During the Demonstration of 20 June 1792, Théroigne was involved in mobilizing the crowds that went on to storm the Tuileries Palace.

===Tuileries palace===
During the insurrection of 10 August 1792, Théroigne was involved with the death of royalist prisoners at the Place Vendôme. That Théroigne lynched to death the royalist pamphleteer François-Louis Suleau is not true. She later was awarded a civic crown for her courage on 10 August.

===Affiliation with the Gironde===
Théroigne's revolutionary activities remained subdued for the remainder of 1792, but she often was seen at the Jacobins in her riding habit. In early 1793, she composed a series of placards arguing for the active involvement of women in encouraging patriotic duty. Théroigne had, by this point, allied herself with the Girondins, a political faction at odds with the more radical Jacobins.
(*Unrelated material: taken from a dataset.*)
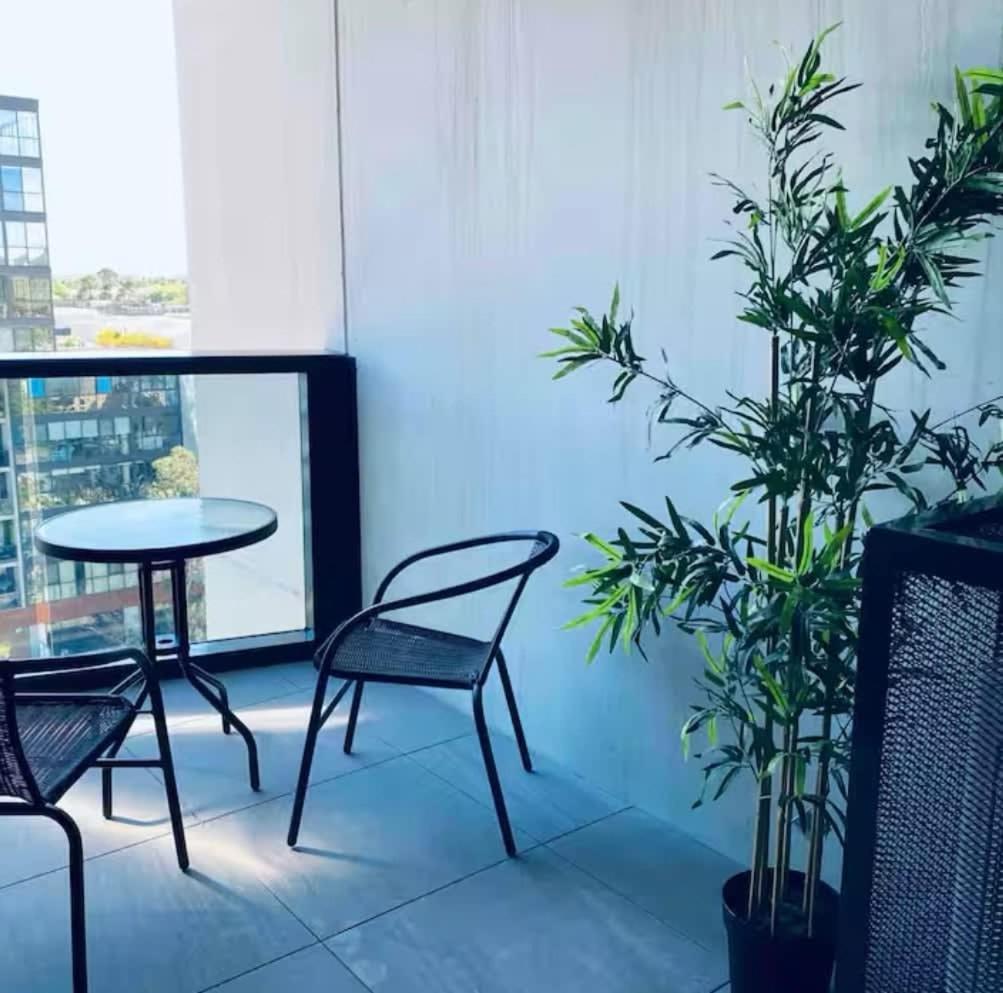 1br-1br-1car-sleeps 4-pool-cbd Apartment Canberra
On 15 May, Théroigne was delivering a speech in the Jardin des Tuileries when she was attacked by a group of women allied with the Jacobins. The women, objecting to her pro-Girondin sentiments, stripped her naked and beat her severely. She was rescued and taken to a hospital in the nearby faubourg Saint-Marceau. It was claimed by some that she was rescued by the intervention of Jean-Paul Marat but this is unclear. Following this ordeal, Théroigne suffered from headaches and mental troubles and spent the remainder of her life institutionalized.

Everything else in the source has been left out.